The results were modestly successful — only after the U.S. Congress threatened to impose a tariff on Chinese imports! China allowed its currency to appreciate by 17 percent against the dollar between 2005 and 2008.
But since the financial crisis, China has returned to a peg against the greenback. Its authority to determine the value of its own currency and to stockpile U.S. dollars through one-way trade has put China in a position of strength against the rest of the world.
That’s why when the rest of the world was in recession, China was still churning out growth and is now outperforming in the early global economic recovery phase.
Look, it’s no secret that China has the most undervalued currency in the world.
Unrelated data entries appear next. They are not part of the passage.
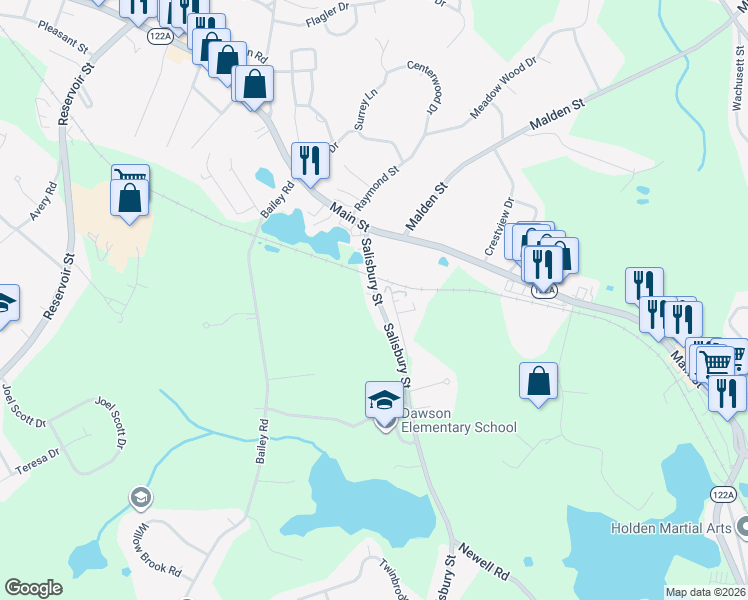 map of restaurants, bars, coffee shops, grocery stores, and more near 54 Salisbury Street in Holden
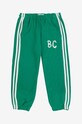 Детские хлопковые штаны Bobo Choses 224AC082 зелёный AW24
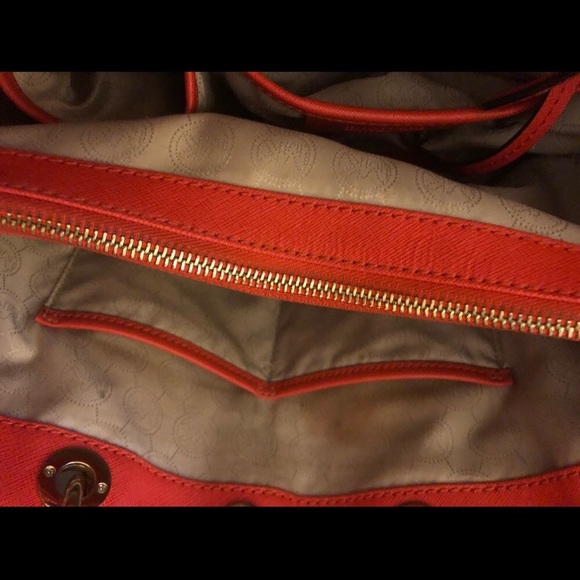 SOLD! Michael Kors Saffiano Red Leather Satchel - Picture 6 of 8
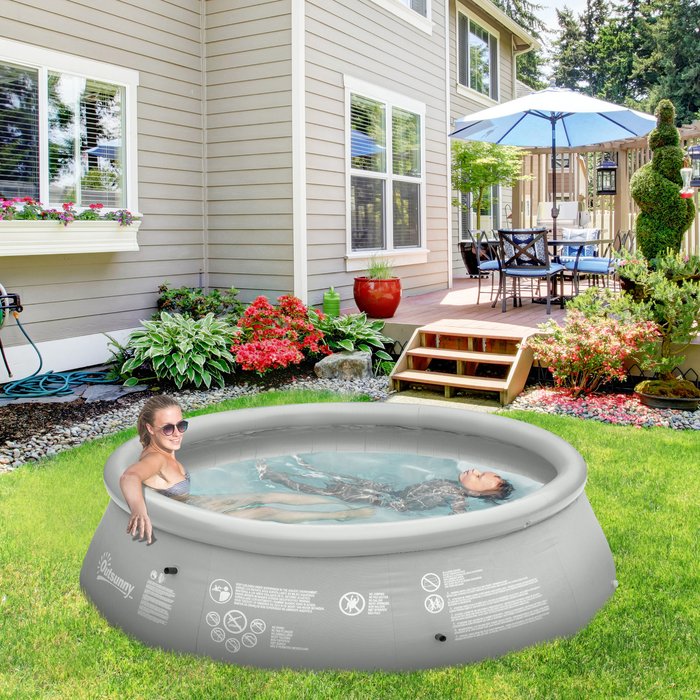 The Range | Outsunny Family Inflatable Pool Round Paddling Pool - Grey Outsunny Family Inflatable Pool Round Paddling Pool - Grey
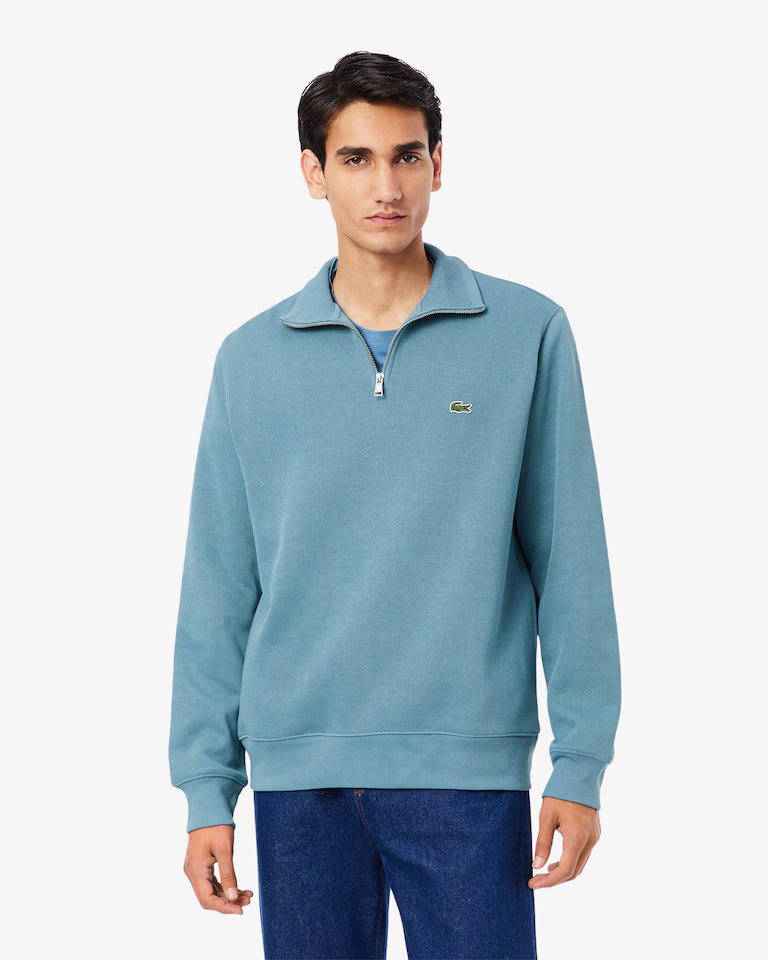 LACOSTE Lacoste Men Zip-Up High Neck Interlock Sweatshirt — Blue — 5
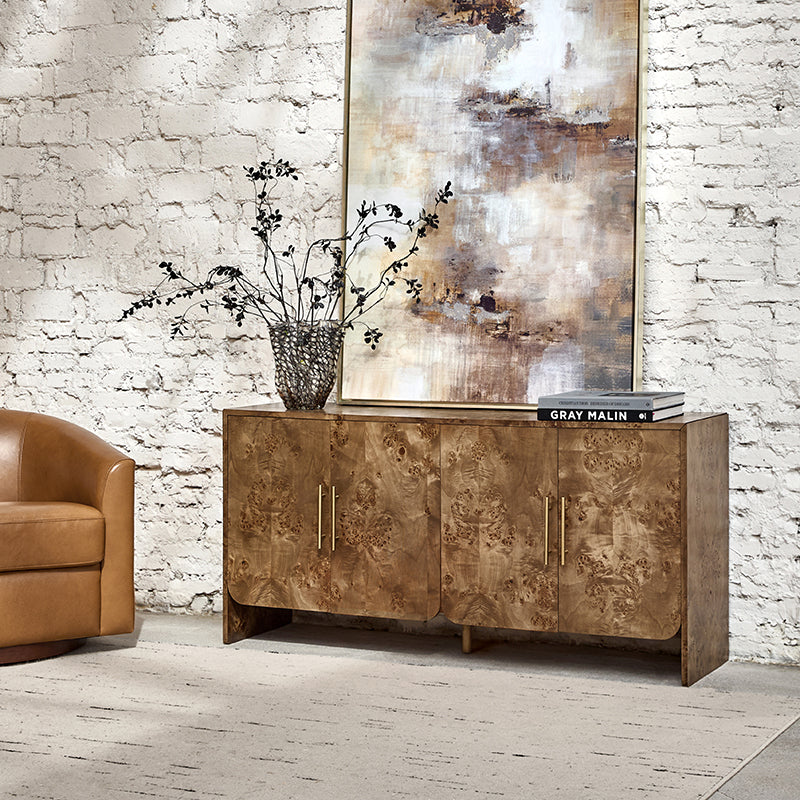 Contemporary Burl Veneer Cabinet for Stylish Living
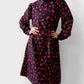 1990s Black and Red Cherry Patterned Tied-Neck Belted Dress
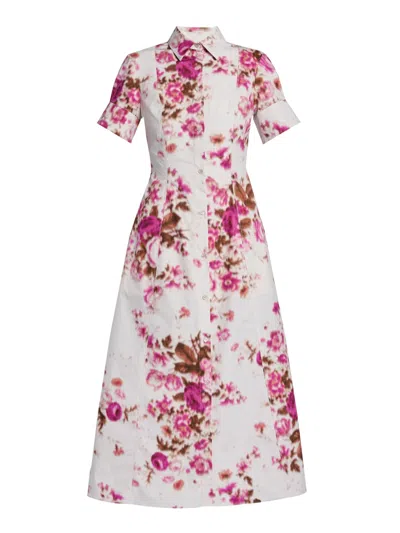 Erdem Floral Print Midi Dress In Pink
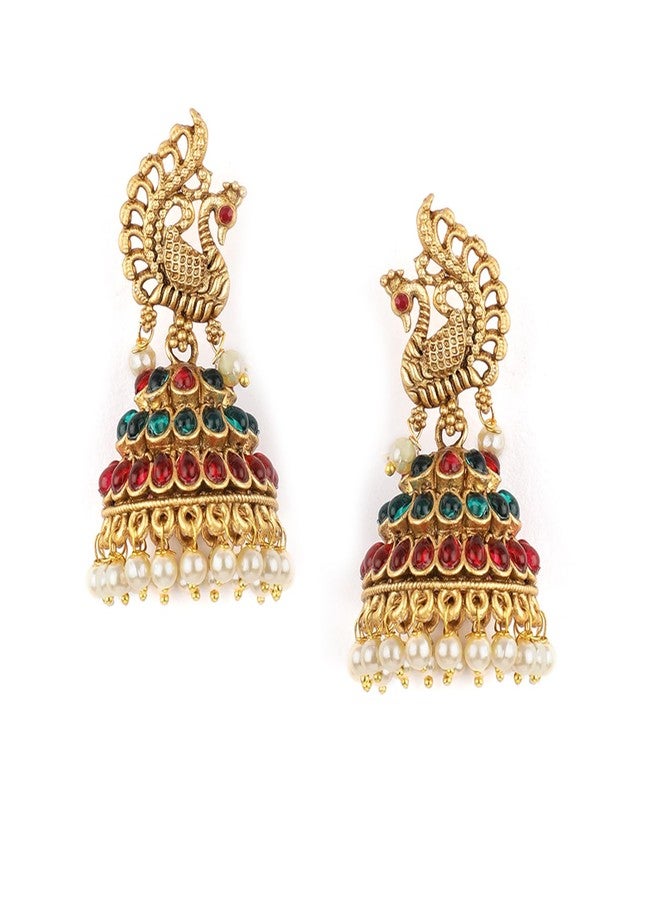 Rubans 22 kT Gold-Plated Peacock Shaped Kundan Studded Jhumkas For Women & Girls - Image 1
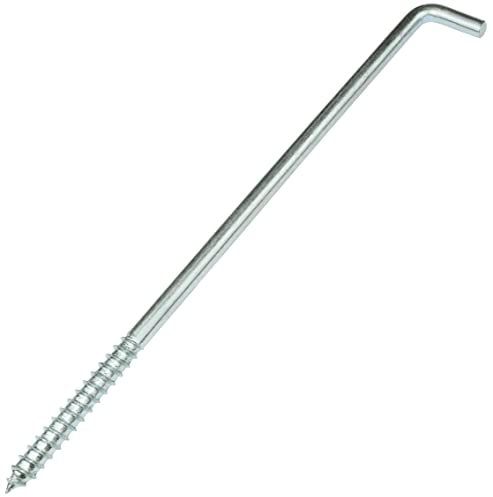 AERZETIX - C58033 - Juego de 5 Escarpias para atornillar en forma de L Ø8x200mm - gancho con tornillo autorroscante - en acero galvanizado - color plata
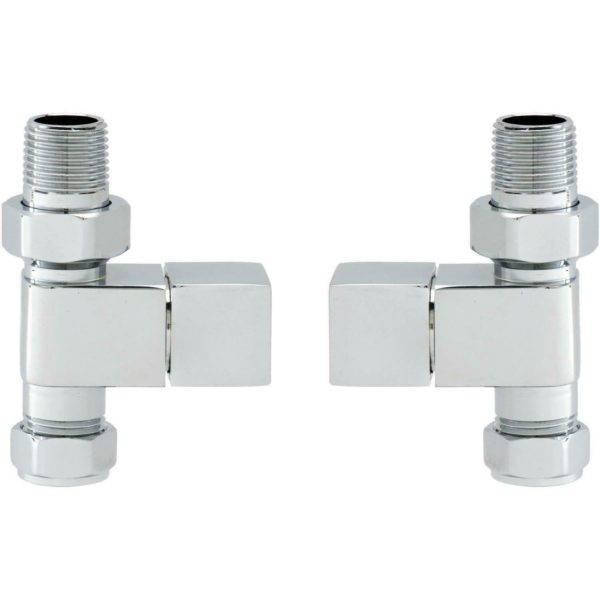 Cassellie Straight Chrome Square Radiator Valve Pack SSHVS1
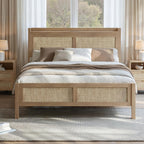 Evermagin Rattan Bed Frame Queen Size with Woven Headboard, Natural Oak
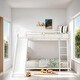 preview thumbnail 1 of 16, Kid's Friendly Style Twin over Twin Bunk Bed with Slide, Ladder and Guardrail Modern White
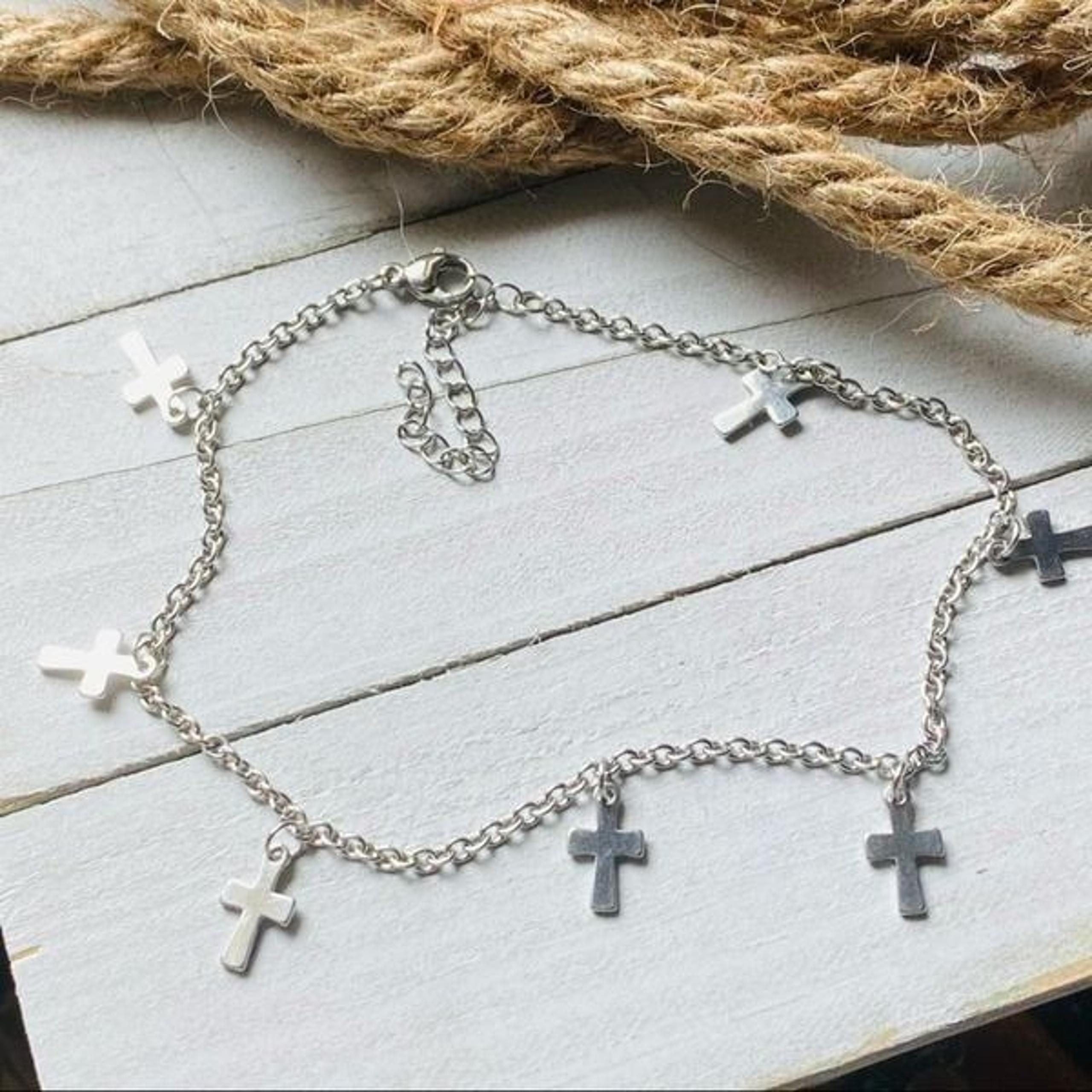 Stainless Steel Cross Ankle Bracelet Anklet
In fact, the Chinese yuan would have to appreciate more than 40 percent against the U.S. dollar to bring the exchange rate in line with economic fundamentals.
|While the rest of the world was in recession, China continued to grow.|
To make matters worse, a weakening dollar and recovering global appetite for risk has sent world currencies soaring over the past eight months. But Chinese currency has been weakening along with the dollar, an effective devaluation against its Asian trading competitors.
Because of this currency advantage, China has been winning even more share of the world export market.
And countries that need healthy exports to work their way out of recession are losing out. That’s why over the course of the last few weeks we’ve seen South Korea, Taiwan, the Philippines, Thailand, Indonesia and Hong Kong all intervene to weaken their currencies.
Meanwhile, Major Developed Economies Are Losing Out, Too. So …
The China currency issue will likely become a major global point of contention.
Remember, to put the world back on a sustainable path to growth, the G-20 pledged to …
- Work toward repairing global trade imbalances, Avoid protectionism,
- And avoid competitive currency devaluations.
All three of these key issues have a lot to do with China’s currency policies.
In an indirect way, the world is telling China to stop manipulating its currency and to work on creating a more balanced economy by cultivating domestic demand.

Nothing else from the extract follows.